# EXERCISE DATA
%%

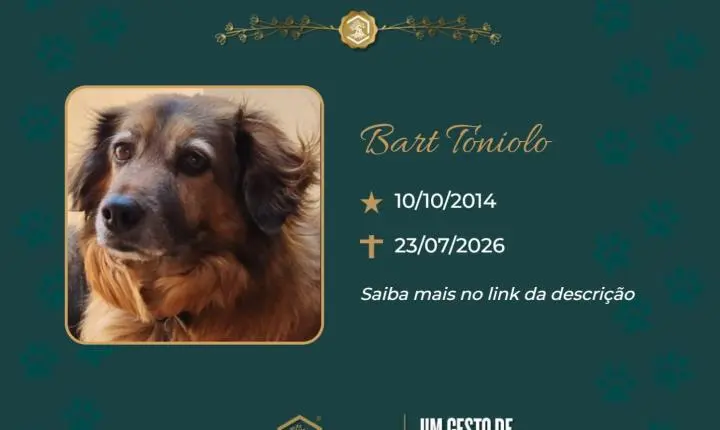 O Grupo Sinsef se despede de Bart Toniolo
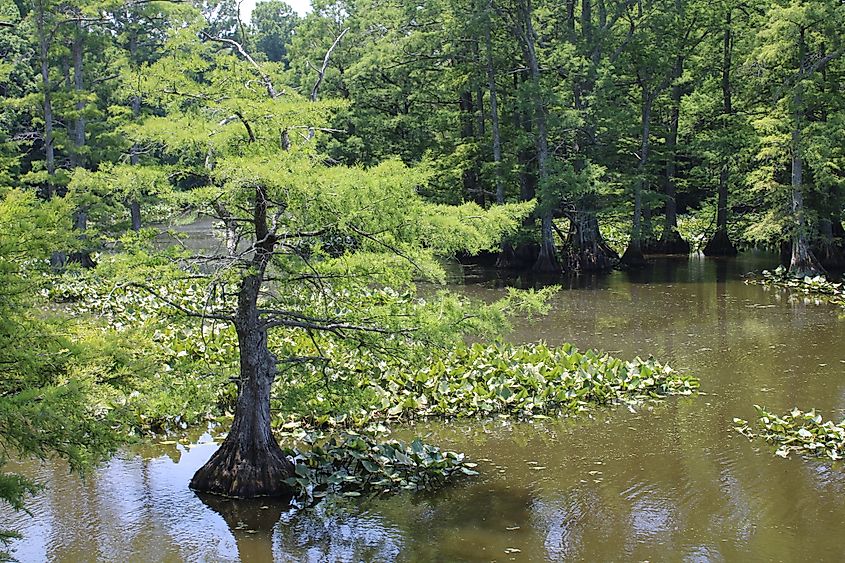 Bald cypress trees in the swamp.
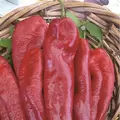 Peppers, Bhut Jolokia - 5,000 Seed Count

%%

# WORK REQUIRED
The reply should contain every line of the material exactly, and no images.

# RESPONSE TO THE EXERCISE
 O Grupo Sinsef se despede de Bart Toniolo
 Bald cypress trees in the swamp.
 Peppers, Bhut Jolokia - 5,000 Seed Count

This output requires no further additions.